The Recall Desk
HighFDA (Devices)·Z-1140-2024·Announced 2024-02-21

FilmArray GI diagnostic kits recalled due to false positive Norovirus results

BioFire Diagnostics is recalling FilmArray GI diagnostic test kits due to potential signals of increased false positive Norovirus results. Approximately 64,594 kits representing 2.3 million tests have been distributed worldwide.

What this means for you

Real risk of harm even if no illness or injury has been reported yet. Stop using the product and follow the agency's guidance.

Our severity reasoning: This is an FDA Class II diagnostic device recall due to potential signals of increased false positive test results. False positive diagnoses pose a risk of unnecessary medical interventions. Per the rubric, risk-of-harm products where injury has not yet been reported receive a High severity score.

Plain-English summary

BioFire Diagnostics, LLC is recalling its FilmArray Gastrointestinal (GI) Panel diagnostic test kits due to potential signals of increased false positive Norovirus results. Two models are affected: RFIT-ASY-0116 (30-test kit) and RFIT-ASY-0104 (6-test kit). A total of approximately 64,594 kits representing 2,303,760 individual tests have been distributed.

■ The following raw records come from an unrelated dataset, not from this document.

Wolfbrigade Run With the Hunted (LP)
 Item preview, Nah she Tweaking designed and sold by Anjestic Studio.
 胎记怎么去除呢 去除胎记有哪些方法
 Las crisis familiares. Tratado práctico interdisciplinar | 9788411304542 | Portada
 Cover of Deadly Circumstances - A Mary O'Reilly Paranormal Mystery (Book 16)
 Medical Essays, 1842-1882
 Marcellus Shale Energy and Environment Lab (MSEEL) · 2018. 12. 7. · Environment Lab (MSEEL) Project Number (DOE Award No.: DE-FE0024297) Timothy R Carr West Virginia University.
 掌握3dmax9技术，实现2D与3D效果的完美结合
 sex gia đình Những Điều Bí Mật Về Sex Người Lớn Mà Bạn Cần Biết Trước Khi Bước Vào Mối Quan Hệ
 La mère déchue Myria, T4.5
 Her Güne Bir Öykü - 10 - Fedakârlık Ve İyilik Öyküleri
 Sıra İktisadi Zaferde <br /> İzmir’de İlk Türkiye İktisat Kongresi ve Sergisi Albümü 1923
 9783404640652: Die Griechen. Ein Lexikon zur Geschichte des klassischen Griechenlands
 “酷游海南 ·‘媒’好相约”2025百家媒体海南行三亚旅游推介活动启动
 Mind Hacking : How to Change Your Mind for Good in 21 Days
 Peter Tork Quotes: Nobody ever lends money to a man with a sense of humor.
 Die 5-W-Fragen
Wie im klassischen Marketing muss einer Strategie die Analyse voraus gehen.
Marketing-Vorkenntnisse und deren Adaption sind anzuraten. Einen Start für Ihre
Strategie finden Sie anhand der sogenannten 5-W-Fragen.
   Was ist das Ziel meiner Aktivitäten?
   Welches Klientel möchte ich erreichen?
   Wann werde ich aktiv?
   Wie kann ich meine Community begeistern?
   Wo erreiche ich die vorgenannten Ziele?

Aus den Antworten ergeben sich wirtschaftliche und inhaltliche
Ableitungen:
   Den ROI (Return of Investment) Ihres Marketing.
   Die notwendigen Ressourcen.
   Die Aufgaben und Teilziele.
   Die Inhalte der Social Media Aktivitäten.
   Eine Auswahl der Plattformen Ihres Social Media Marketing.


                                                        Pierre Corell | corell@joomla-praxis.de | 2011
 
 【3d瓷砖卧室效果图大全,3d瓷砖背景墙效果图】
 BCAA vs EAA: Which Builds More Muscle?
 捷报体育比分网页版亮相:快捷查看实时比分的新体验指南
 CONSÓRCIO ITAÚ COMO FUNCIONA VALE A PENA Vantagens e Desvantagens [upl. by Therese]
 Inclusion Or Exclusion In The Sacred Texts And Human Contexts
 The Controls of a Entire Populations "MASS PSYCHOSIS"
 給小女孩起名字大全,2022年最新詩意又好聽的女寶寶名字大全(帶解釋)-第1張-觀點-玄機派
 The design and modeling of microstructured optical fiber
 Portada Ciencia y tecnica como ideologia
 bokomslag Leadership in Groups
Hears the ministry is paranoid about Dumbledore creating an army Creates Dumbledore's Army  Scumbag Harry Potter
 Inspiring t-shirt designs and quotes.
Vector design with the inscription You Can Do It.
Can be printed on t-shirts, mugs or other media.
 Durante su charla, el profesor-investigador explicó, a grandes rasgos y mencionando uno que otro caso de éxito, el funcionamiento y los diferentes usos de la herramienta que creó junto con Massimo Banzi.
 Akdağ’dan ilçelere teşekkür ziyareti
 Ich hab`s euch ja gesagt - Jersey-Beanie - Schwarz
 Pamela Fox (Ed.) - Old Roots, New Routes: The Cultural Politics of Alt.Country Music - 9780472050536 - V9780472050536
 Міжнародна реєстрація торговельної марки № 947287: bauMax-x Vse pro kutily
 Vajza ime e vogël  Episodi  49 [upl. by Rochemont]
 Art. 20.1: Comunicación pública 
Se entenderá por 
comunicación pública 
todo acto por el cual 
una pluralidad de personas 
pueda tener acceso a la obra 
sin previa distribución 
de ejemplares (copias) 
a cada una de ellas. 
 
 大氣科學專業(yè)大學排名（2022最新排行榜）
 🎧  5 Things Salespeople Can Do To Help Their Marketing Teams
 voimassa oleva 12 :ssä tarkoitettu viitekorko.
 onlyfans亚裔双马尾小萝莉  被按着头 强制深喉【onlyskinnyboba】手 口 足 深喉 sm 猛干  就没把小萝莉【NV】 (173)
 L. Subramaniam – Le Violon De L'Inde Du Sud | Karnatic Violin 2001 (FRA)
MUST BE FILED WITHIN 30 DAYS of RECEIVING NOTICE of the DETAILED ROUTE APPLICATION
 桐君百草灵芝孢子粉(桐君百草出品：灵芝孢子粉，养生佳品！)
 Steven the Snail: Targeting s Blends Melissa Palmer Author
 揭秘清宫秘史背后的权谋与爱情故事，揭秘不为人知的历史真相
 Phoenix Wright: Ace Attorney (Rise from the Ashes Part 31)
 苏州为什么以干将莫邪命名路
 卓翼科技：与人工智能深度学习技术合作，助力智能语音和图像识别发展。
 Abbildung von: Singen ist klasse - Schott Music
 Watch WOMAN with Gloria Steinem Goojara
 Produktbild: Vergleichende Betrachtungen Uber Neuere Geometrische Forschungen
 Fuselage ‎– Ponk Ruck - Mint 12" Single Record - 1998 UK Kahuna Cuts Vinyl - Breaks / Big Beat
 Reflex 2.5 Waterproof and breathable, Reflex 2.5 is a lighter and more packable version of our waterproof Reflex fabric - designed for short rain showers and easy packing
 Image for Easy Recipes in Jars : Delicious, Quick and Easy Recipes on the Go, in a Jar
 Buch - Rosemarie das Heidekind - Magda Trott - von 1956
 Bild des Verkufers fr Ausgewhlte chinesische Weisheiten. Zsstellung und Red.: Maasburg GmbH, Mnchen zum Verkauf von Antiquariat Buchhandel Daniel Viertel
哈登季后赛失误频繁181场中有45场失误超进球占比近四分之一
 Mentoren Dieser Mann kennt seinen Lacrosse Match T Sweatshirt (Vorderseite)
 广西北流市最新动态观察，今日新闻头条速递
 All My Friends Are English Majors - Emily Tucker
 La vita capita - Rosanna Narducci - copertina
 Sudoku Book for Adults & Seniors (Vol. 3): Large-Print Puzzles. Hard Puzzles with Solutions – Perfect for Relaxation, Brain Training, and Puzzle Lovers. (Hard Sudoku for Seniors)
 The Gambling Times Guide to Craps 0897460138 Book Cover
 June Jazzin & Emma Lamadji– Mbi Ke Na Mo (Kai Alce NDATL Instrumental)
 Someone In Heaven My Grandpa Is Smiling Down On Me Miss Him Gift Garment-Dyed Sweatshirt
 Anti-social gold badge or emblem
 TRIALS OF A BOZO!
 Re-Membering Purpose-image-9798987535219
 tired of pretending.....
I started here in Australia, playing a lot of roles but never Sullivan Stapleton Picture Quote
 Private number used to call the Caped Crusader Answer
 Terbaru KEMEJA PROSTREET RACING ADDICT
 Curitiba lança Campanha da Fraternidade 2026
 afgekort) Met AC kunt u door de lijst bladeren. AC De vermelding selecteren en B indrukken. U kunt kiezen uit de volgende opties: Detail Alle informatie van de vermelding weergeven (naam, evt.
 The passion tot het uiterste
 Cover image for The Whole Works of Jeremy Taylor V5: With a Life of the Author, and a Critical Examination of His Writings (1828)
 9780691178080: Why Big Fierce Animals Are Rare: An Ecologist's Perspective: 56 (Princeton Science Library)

The FDA classified this as a Class II recall. The hazard is the potential for false positive Norovirus test results, which could lead to incorrect diagnoses and unnecessary medical treatment decisions. No illnesses or injuries have been reported in association with this issue.

The affected diagnostic kits were distributed to healthcare facilities and laboratories throughout the United States, including all 50 states, Washington, D.C., and U.S. territories (Guam, Puerto Rico, and U.S. Virgin Islands). International distribution extended to over 60 countries across Europe, Asia, Africa, the Americas, and the Pacific region.

The recalled product

Product
FilmArray Gastrointestinal (GI) Panel RFIT-ASY-0116 (30 test kit) RFIT-ASY-0104 (6 test kit) Gastrointestinal microorganism multiplex nucleic acid-based assay. In vitro diagnostic.
Manufacturer
BioFire Diagnostics, LLC
Hazard
  • false-positive-results
  • norovirus

Distribution

Distributed nationwide across the United States.